- _Supplied information_:
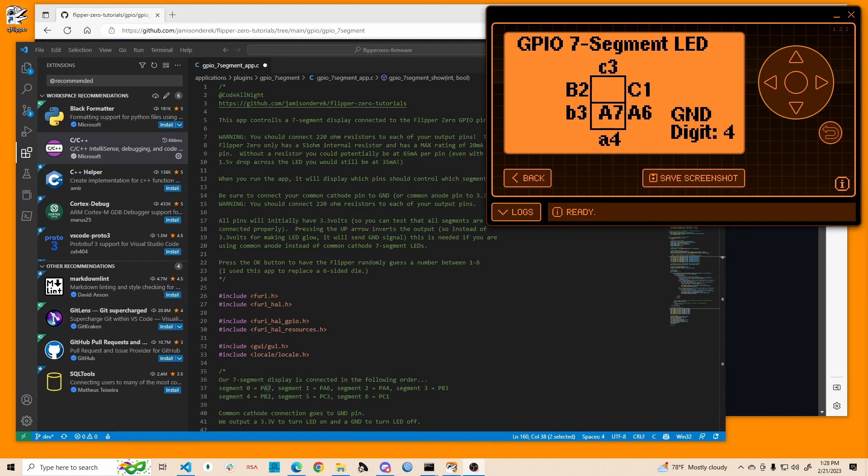Hey everybody, this is a continuation video on the GPIO 7 segment. So in the last video, we looked at how we are able to control the flipper and do GPIO output using push-pull. In this video, we're going to look at the code that we use to decide how to drive the 7 segments to actually display the numbers.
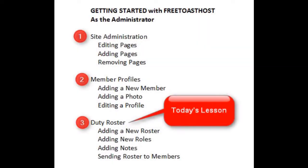Hello and welcome to Getting Started with Free Toast Host. I'm Deetra, the Web Administrator for the High Point Toast Masters Club.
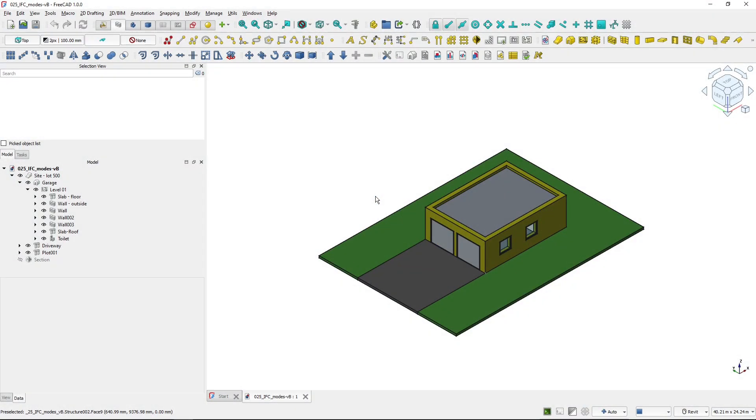Hi, I'm Tom and in this video I will show you how to work with IFC files in FreeCAD 1.0 which brought huge changes to its users in this regard.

- _What is required_: Write out all the data exactly, minus pictures.

- _Response below_:
Hey everybody, this is a continuation video on the GPIO 7 segment. So in the last video, we looked at how we are able to control the flipper and do GPIO output using push-pull. In this video, we're going to look at the code that we use to decide how to drive the 7 segments to actually display the numbers.
Hello and welcome to Getting Started with Free Toast Host. I'm Deetra, the Web Administrator for the High Point Toast Masters Club.
Hi, I'm Tom and in this video I will show you how to work with IFC files in FreeCAD 1.0 which brought huge changes to its users in this regard.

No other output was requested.